Sebagaimana yang tertuang dalam pedoman perkaderan disebutkan bahwa definisi tentang dimensi kekhalifahan sebagaimana yang diinginkan dari perkaderan HMI meliputi tugas-tugas kenabian untuk membentuk masyarakat yang menjunjung tinggi persaudaraan universal (universal brotherhood), egaliter, demokratis, social justice, dan berperadaban (social civilization) serta istiqomah untuk memperjuangkan pembebasan kaum tertindas (mustadz’afin).
Ideologi tidak lagi ideologi jika telah dikonfesionalisasikan, terlepas itu ideologi yang religius atapun tidak religius. Sebab ideologi dalam tahap yang dipaksakan daripada dipilih tidak lebih dari suatu tradisi sosial, bagian dari kebudayaan, sebabnya ia telah kehilangan misi orisinilnya. Ideologi lahir yang dilandasi unsur memilih dari seseorang atas sebuah kesadaran cerdas dengan intensitas keyakinan seseorang. Sehingga ideologi dapat diibaratkan dengan cinta dan keyakinan dimana seseoarang dapat terbius dan tersedot dan kehidupanya terlingkupi, namun tetap jangan ditafsirkan sebagai suatu penyerahan buta terhadap suatu keyakinan.
Cara manusia mencapai pada sutu ideolgi yaitu dengan sebuah kesadaran khas manusia. Orang yang berpegang teguh pada ideologi yang dipilinya secara sadar inilah yang disebut dengan roushanfikr.

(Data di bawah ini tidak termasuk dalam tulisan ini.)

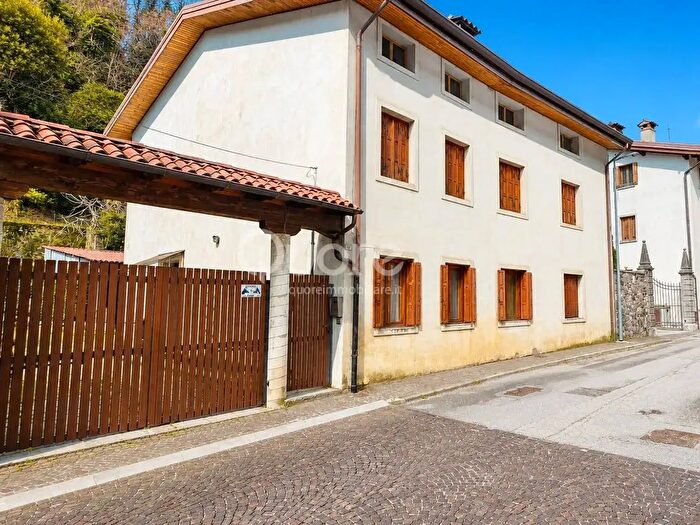 Appartamento con 7 locali in vendita in Via Villa, Artegna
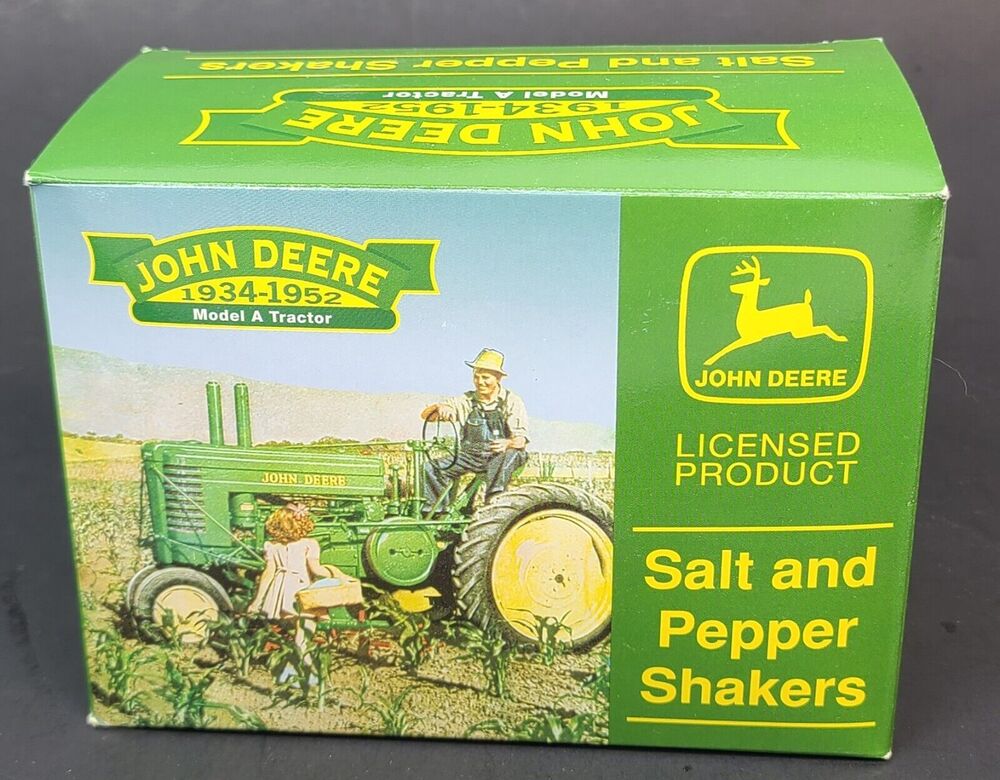 John Deere Salt & Pepper Shakers Set Model A Tractor Corn Field Farmer Country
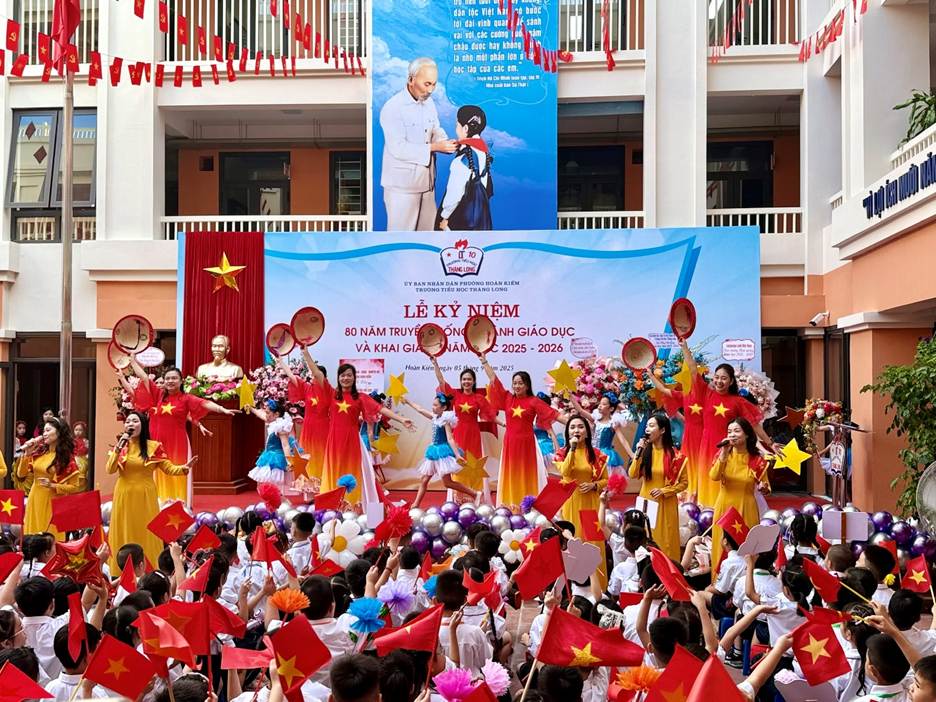 Lễ khai giảng năm học mới 2025 - 2026 của Trường tiểu học Thăng Long (Hoàn Kiếm, Hà Nội). Ảnh: Tuấn Ngọc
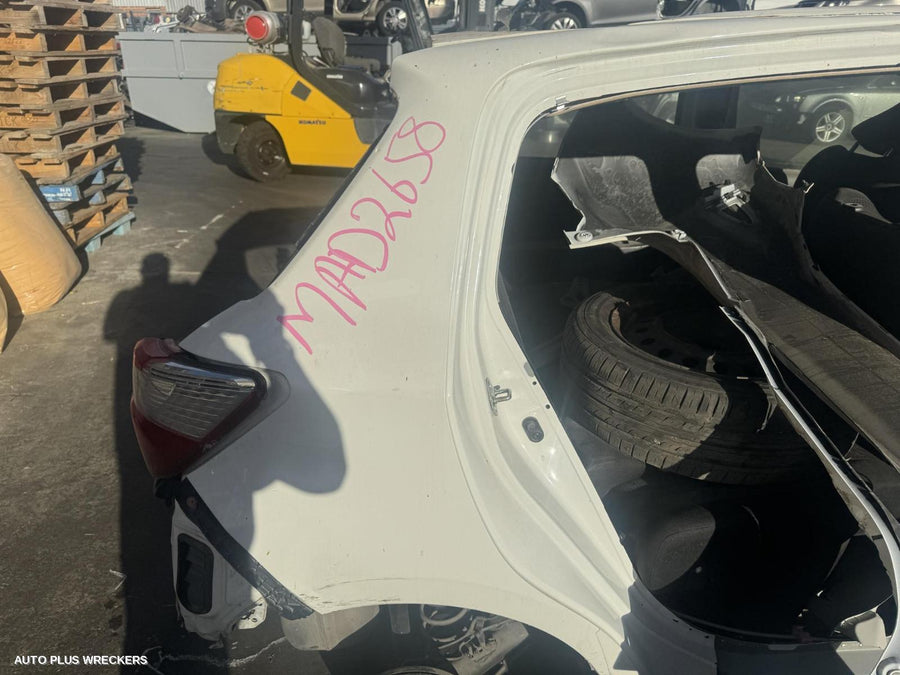 2019 Toyota Yaris Left Front Door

Ideologi dan kesadaran inilah yang mencapai pada kesadaran istimewa tentang kehidupan dan jalan bertindak yang jelas, jalan hidup, jalan berfikir dengan cita-cita jelas yang membentuk filsafat hidupnya.
Roushanfikr inilah yang disebut dengan intelektual tercerahkan yang mampu menggerakan suatu kelompok, masyarakat untuk mencapai tujuan yang diharapkan atau berangkat dari sebuah kesadaran naif menjadi gerakan konriit atau membangunkan sebuah kebangkitan melawan suatu sistem kekuasaan tirani yang staus quo yang berlaku opresif (menindas) yang belaku kejam terhadap kemanusian.